Caption-style text data
BEGIN

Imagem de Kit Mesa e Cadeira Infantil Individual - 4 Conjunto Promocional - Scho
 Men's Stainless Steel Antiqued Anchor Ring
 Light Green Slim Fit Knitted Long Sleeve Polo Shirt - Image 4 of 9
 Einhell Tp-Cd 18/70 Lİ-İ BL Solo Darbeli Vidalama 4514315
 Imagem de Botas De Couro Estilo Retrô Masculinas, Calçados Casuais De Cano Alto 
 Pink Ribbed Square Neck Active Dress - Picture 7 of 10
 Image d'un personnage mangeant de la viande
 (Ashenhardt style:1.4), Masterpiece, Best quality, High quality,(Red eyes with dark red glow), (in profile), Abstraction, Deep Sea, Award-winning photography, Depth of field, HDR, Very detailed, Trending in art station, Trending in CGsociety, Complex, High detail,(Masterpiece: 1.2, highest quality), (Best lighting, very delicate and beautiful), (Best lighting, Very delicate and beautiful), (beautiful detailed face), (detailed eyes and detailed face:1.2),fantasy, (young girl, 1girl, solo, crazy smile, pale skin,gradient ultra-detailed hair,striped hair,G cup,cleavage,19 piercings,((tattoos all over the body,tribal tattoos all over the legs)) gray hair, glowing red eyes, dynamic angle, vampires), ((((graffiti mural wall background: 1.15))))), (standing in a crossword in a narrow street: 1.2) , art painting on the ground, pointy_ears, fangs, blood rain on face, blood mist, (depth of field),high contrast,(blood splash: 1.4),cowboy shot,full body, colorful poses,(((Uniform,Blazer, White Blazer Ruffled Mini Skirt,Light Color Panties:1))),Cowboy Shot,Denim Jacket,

END

▸ **Task details**: Reproduce the data. Match each line exactly.

▸ **Written solution**:
Imagem de Kit Mesa e Cadeira Infantil Individual - 4 Conjunto Promocional - Scho
 Men's Stainless Steel Antiqued Anchor Ring
 Light Green Slim Fit Knitted Long Sleeve Polo Shirt - Image 4 of 9
 Einhell Tp-Cd 18/70 Lİ-İ BL Solo Darbeli Vidalama 4514315
 Imagem de Botas De Couro Estilo Retrô Masculinas, Calçados Casuais De Cano Alto 
 Pink Ribbed Square Neck Active Dress - Picture 7 of 10
 Image d'un personnage mangeant de la viande
 (Ashenhardt style:1.4), Masterpiece, Best quality, High quality,(Red eyes with dark red glow), (in profile), Abstraction, Deep Sea, Award-winning photography, Depth of field, HDR, Very detailed, Trending in art station, Trending in CGsociety, Complex, High detail,(Masterpiece: 1.2, highest quality), (Best lighting, very delicate and beautiful), (Best lighting, Very delicate and beautiful), (beautiful detailed face), (detailed eyes and detailed face:1.2),fantasy, (young girl, 1girl, solo, crazy smile, pale skin,gradient ultra-detailed hair,striped hair,G cup,cleavage,19 piercings,((tattoos all over the body,tribal tattoos all over the legs)) gray hair, glowing red eyes, dynamic angle, vampires), ((((graffiti mural wall background: 1.15))))), (standing in a crossword in a narrow street: 1.2) , art painting on the ground, pointy_ears, fangs, blood rain on face, blood mist, (depth of field),high contrast,(blood splash: 1.4),cowboy shot,full body, colorful poses,(((Uniform,Blazer, White Blazer Ruffled Mini Skirt,Light Color Panties:1))),Cowboy Shot,Denim Jacket,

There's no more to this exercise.